DATA Block Start

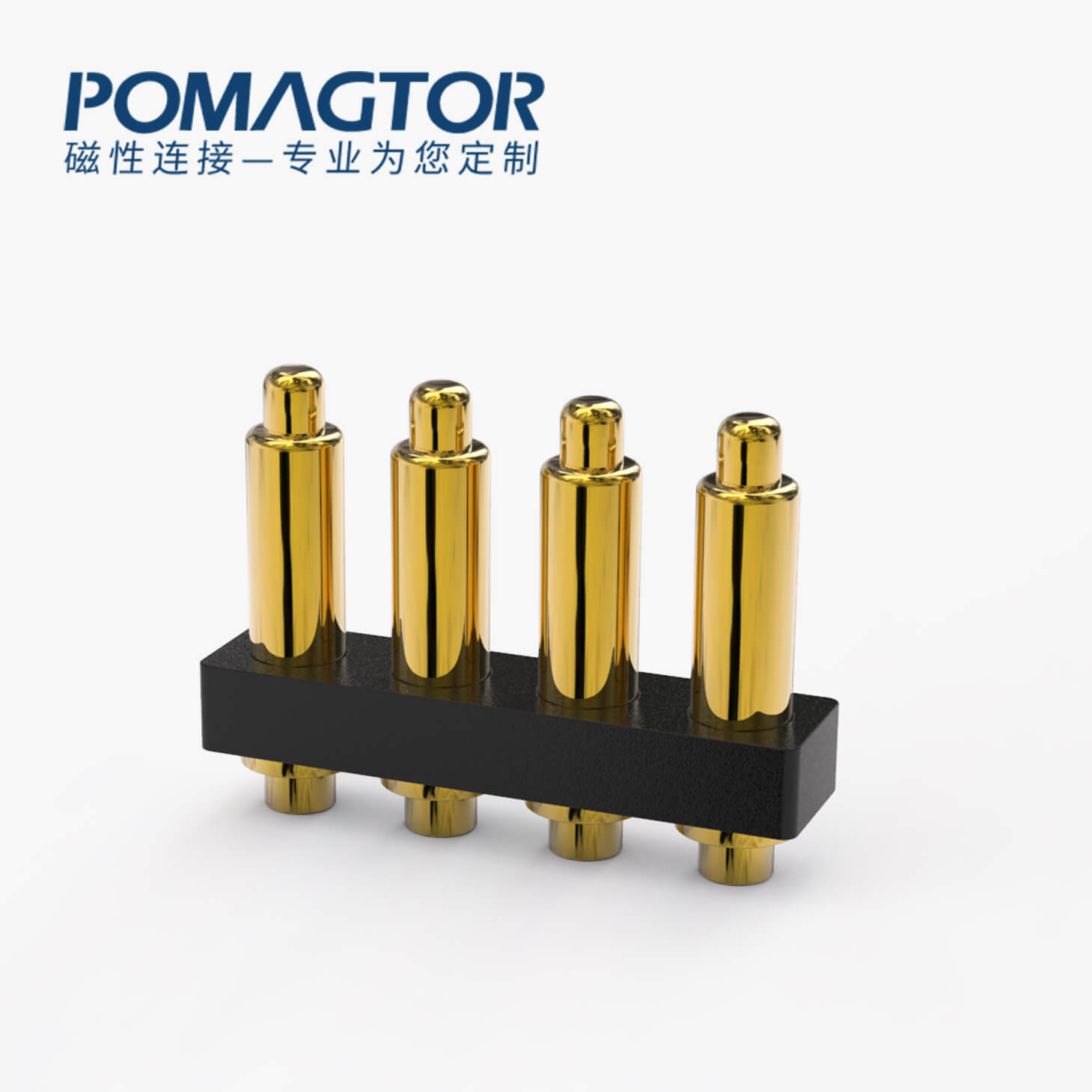 弹簧针连接器 DIP式：4PIN，电镀黄铜Au3u，电压12V，电流1A，工作行程0.6mm:60gfMax，弹力30000次+，工作温度-30°~85°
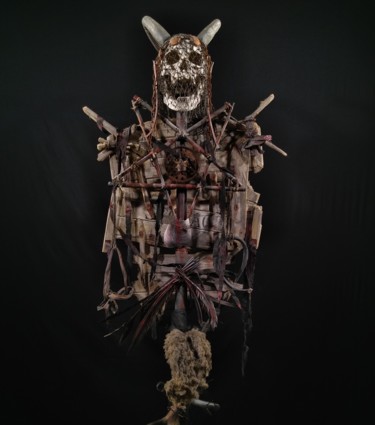 Voodoo widow totem Sculpture intitulée "Voodoo widow totem" par Igor Gadreaud (Gad the Brand), Œuvre d'art originale, Bois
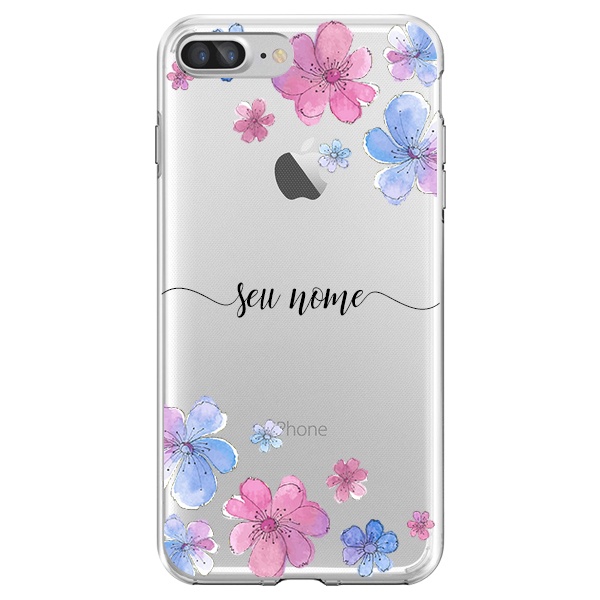 Capa para iPhone 6, 6s, 7, 8, 7 plus, iPhone 8 plus, X, XS, XS Max, XR, iPhone 11, iPhone 12, iPhone 13, iPhone 14 - Flores | Com Nome Manuscrito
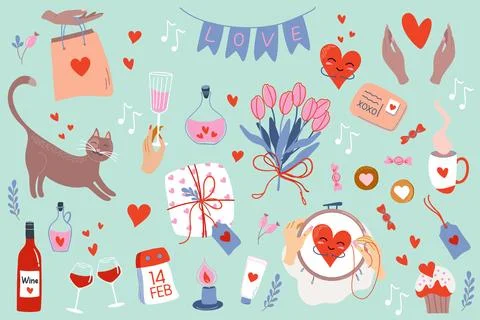 Valentine’s Day element set Stock Illustration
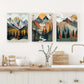 3pcs Watercolor Nordic Mountain Adventure Painting Metal Print Ready to Hang Art
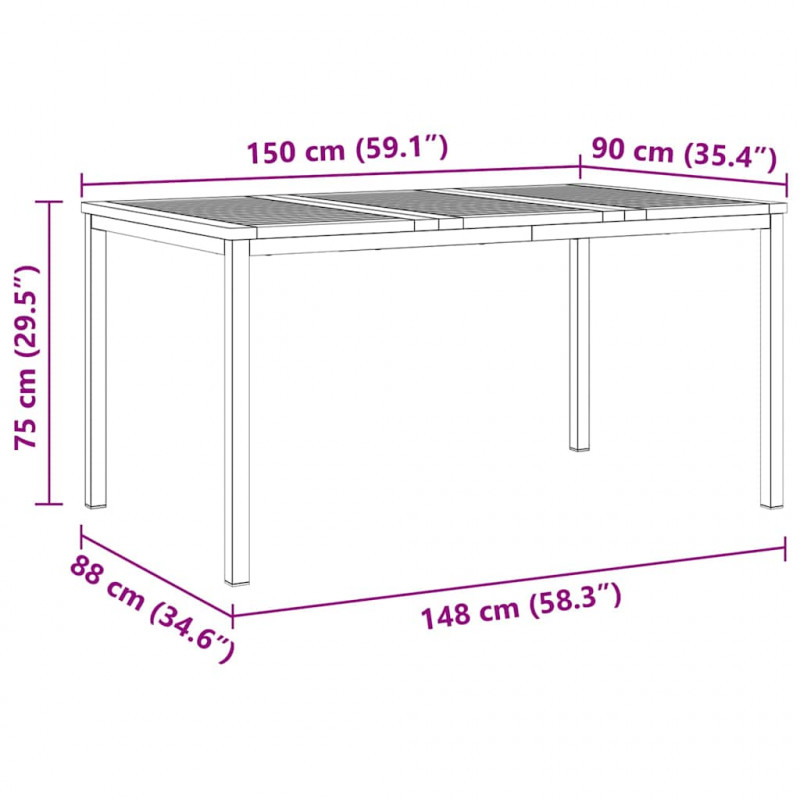 Zestaw do jadalni w ogrodzie 7 pcs Brązowy Lite Drewno Akacji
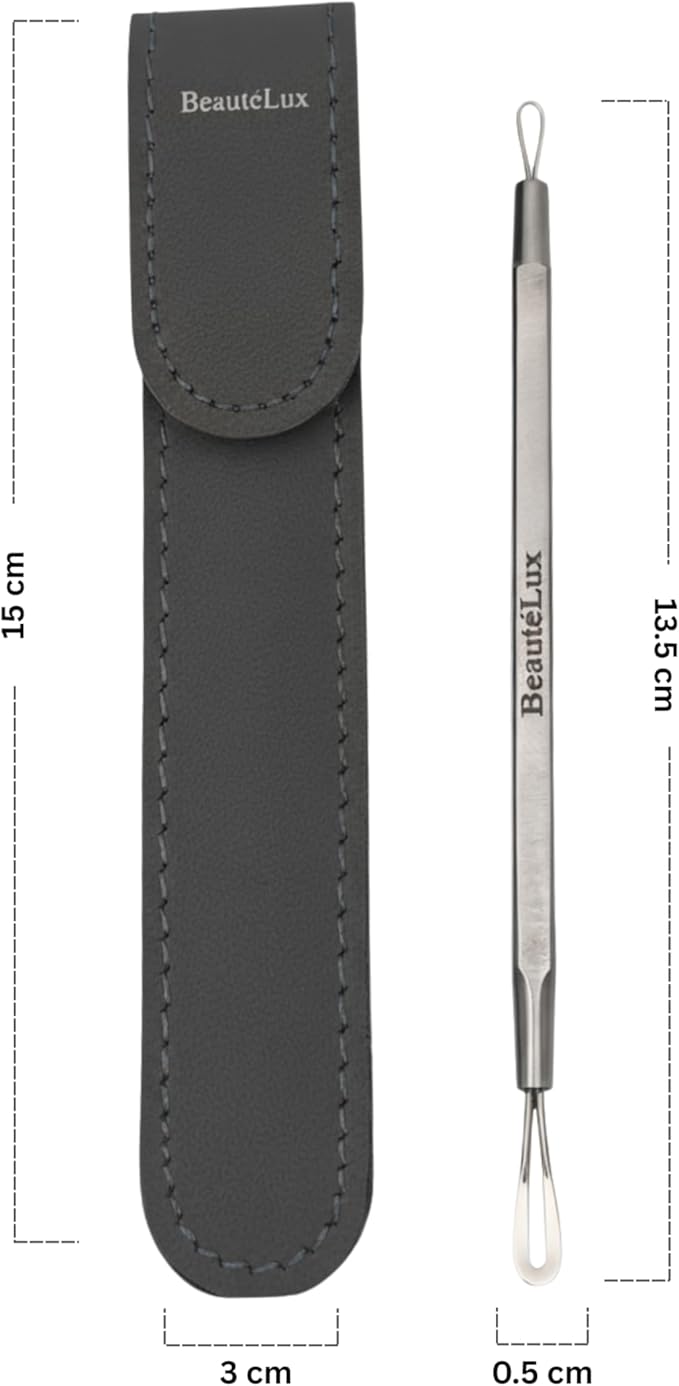 Blackhead Removal Tool, 2-in-1 Acne Extractor Tool - Stainless Steel Blackhead/Whitehead Remover for Face/Nose, Grey Leather Pouch
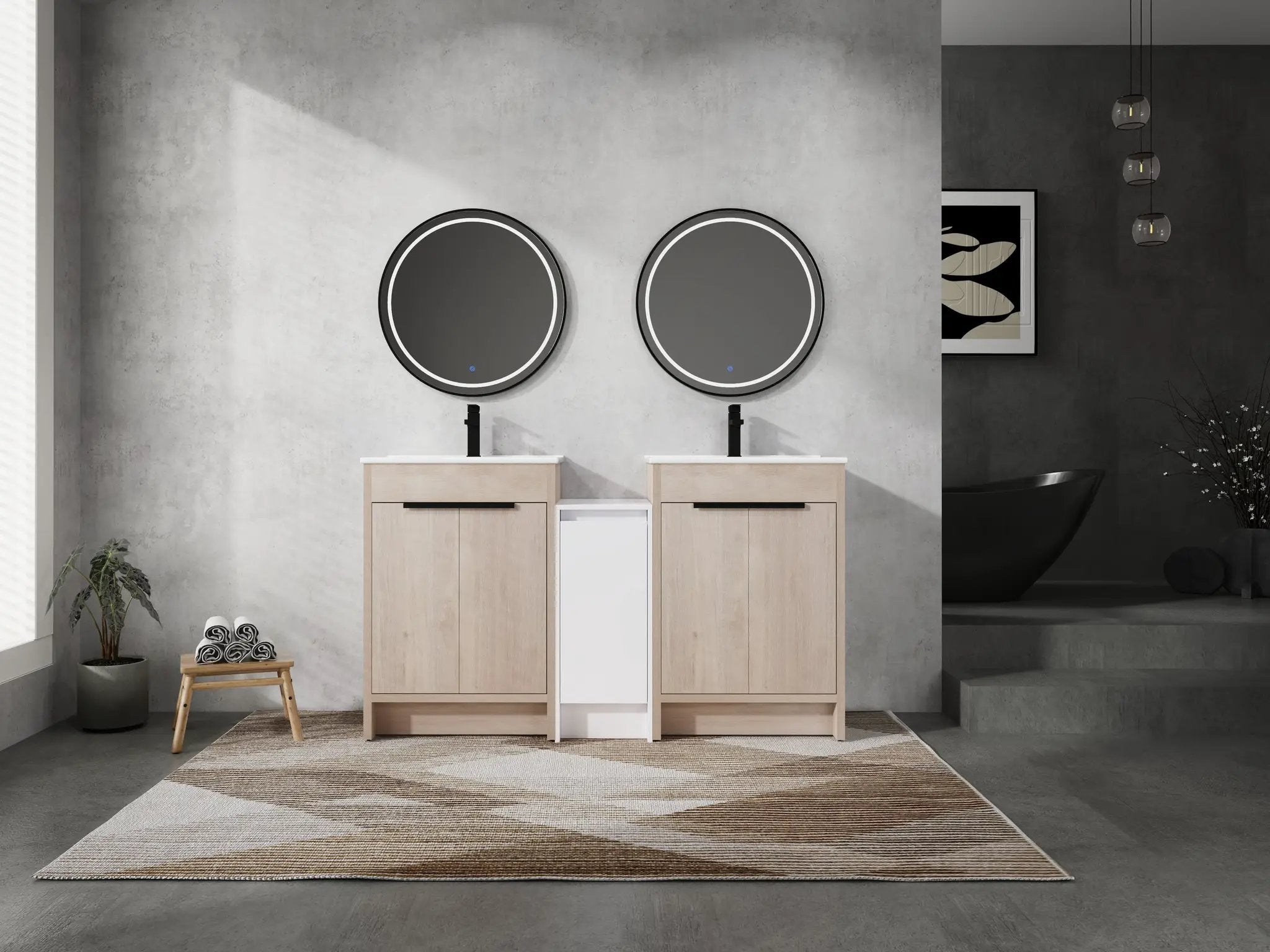 60 Inch Freestanding Bathroom Vanity with Ceramic Sink by HouseOfZazla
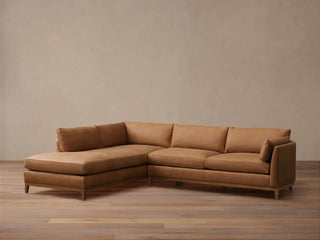 Bainbridge Leather Two-Piece Bumper Sectional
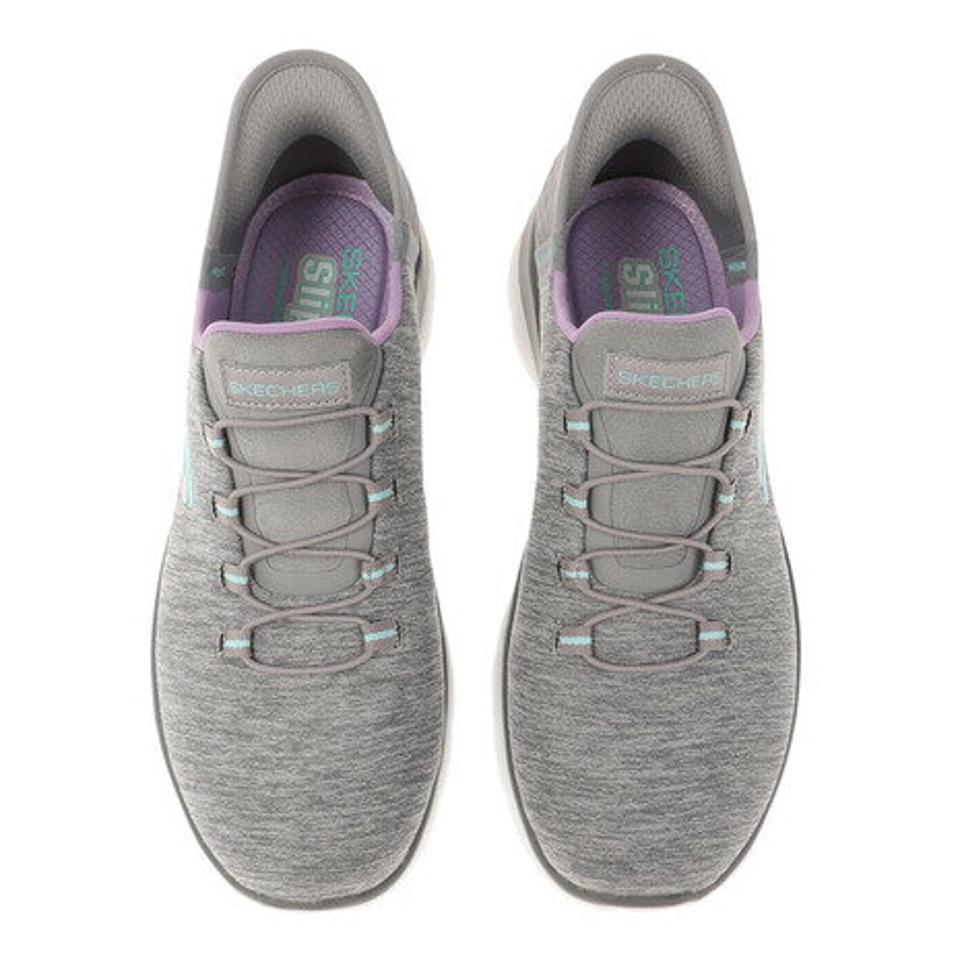 スケッチャーズ（SKECHERS）（レディース）カジュアル シューズ サミッツ ダズリング ヘイズ グレー 149937-GYMT スニーカー タウン スリップインズ 水洗い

DATA Block End

*WHAT YOU HAVE TO DO*: Starting from the line with "Valentine’s Day element" in the records above, repeat each line exactly until you have written the line with "Zestaw do jadalni", then stop; drop the pictures.

*SOLUTION FOR THIS EXERCISE*:
 Valentine’s Day element set Stock Illustration
 3pcs Watercolor Nordic Mountain Adventure Painting Metal Print Ready to Hang Art
 Zestaw do jadalni w ogrodzie 7 pcs Brązowy Lite Drewno Akacji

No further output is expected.